We invite paper proposals for an international conference on the historical 
relationship between industrial hazards and globalization. The conference 
will be held December 13-15, 2007, at Stony Brook University, Stony Brook, 
N.Y. It will focus especially on two more recent periods of global economic 
integration, the late nineteenth/early twentieth and the later twentieth 
centuries. The conference will highlight several themes:

--the making of hazardous industries in particular places. Issues may range 
from design, engineering, and management of dangerous processes; to worker 
health and disease; to housing and sanitation; to air and water pollution; 
to ecological impacts on surrounding lands and livelihoods. The industries 
involved may be older, as in agriculture or mining or textiles, or newer, as 
in petrochemical or nuclear plants. For each period, we seek cases studies 
in both developed and developing worlds.
-knowing and controlling industrial hazards. Issues may include the evolving 
awareness of danger, risk, or dissemination; changing and conflicting styles 
of knowledge, whether lay or expert; changing means of detection and 
diagnosis; the influence of worker or environmental organizations and 
advocacy; different state and regulatory approaches and their impacts; and 
debates and struggles over solutions, whether technological, legal or 
political.
--historical relationships between intra-workplace and wider environmental 
hazards, and between the professional and legal terrains of "occupational," 

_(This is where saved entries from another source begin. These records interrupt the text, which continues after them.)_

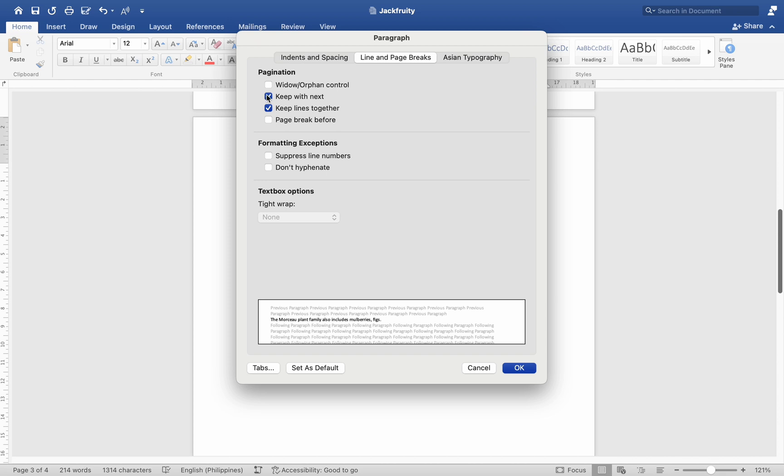Avoiding orphan and widow lines: Orphan lines are the first line of a paragraph left alone at the bottom of a page. Widow lines are the last line of a paragraph left alone at the top of a page. To avoid this, select the paragraph, go to Format > Paragraph, then under the Line and Page Breaks tab, check Widow/Orphan Control.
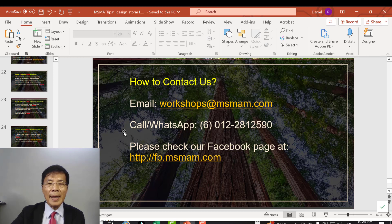Finally, here are the contact details. You can email, call, or WhatsApp us, and you can also check our Facebook page.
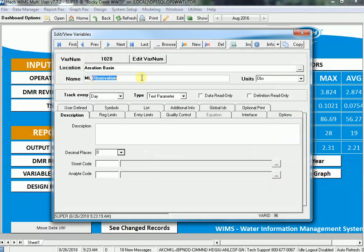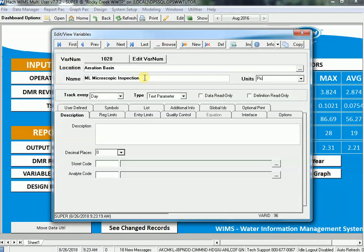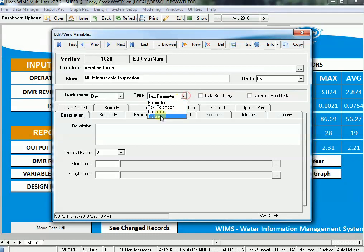I got a new variable. I'm going to name it Microscopic Inspection and set the units to Pick. It says I'm going to track it every day. When I go to Picture, notice that this is grayed out.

"environmental," and "public" health.
--cross-national passages in the making, recognition and remedy of 
industrial hazards. These may involve multinational companies, capital, 
managers, migratory workers, raw materials, experts, technologies, 
scientific or other cultural practices, government or international 
agencies, or labor or environmental groups.

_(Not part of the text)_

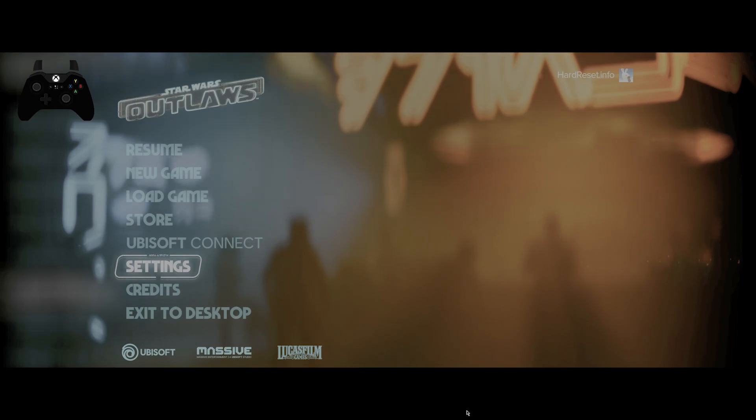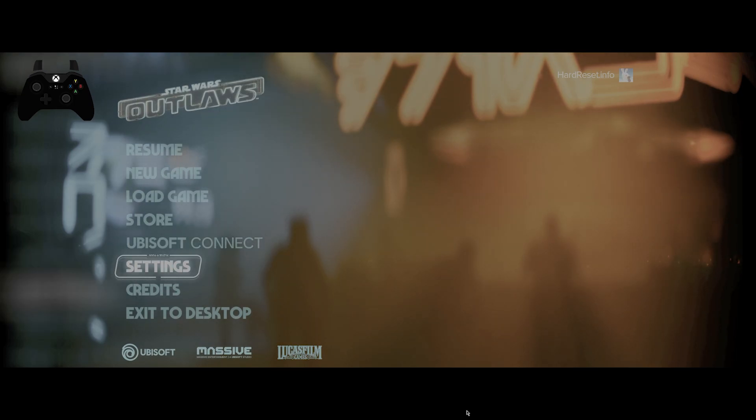Hello, in front of me I've got Star Wars Outlaws. In this video I'll show you how to edit keybinds.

-comparative and supra-national approaches to the history of industrial 
hazard.

Our deliberations will strive for a more synthetic understanding of how the 
history of industrial hazards has varied across industries, nations, and 
periods, and of how, when, and why hazardous processes and their associated 
knowledge and remedy have (or have not) traveled from one nation or 
territory to another. The conference will have a workshop format, as we plan 
to move quickly to an edited publication. Accepted participants will be 
expected to submit a full manuscript version of their paper a month and a 
half beforehand, as a basis for conference discussions. Funds will likely be 
available for accepted presenters to cover food, lodging, and travel, 
national as well as international. We hope to strike an even balance between 
U.S. and non-U.S. participants.
Paper proposals must include an abstract of at least five hundred words and 
a curriculum vitae. The deadline for paper proposals is March 31, 2007. They 
should be sent as email attachments, in Word or Wordperfect files, to 
csellers at notes.cc.sunysb.edu or else as hard copies, to Christopher Sellers, 
History Department, Stony Brook University, Stony Brook, NY 11794 USA. 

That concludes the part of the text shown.